Task item -
Copy out, exactly and with nothing else, the stretch of lines that starts at the line containing "PLA 3D Printer" and finishes at the end of the data.

Task input -
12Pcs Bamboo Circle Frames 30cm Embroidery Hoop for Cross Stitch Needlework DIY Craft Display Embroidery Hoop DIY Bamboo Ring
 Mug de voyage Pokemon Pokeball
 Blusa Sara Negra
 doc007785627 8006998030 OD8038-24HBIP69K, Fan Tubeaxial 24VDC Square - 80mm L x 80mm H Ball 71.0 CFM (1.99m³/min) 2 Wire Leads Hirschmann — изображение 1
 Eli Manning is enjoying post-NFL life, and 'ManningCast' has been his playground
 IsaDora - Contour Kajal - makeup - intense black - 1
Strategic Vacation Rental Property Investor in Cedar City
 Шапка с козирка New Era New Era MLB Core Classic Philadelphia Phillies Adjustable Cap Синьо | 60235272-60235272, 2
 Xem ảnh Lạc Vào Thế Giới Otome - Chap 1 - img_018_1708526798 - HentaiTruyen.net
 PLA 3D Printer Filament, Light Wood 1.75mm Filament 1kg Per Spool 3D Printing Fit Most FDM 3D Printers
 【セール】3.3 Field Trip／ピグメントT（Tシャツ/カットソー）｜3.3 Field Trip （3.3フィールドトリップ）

Written solution -
 PLA 3D Printer Filament, Light Wood 1.75mm Filament 1kg Per Spool 3D Printing Fit Most FDM 3D Printers
 【セール】3.3 Field Trip／ピグメントT（Tシャツ/カットソー）｜3.3 Field Trip （3.3フィールドトリップ）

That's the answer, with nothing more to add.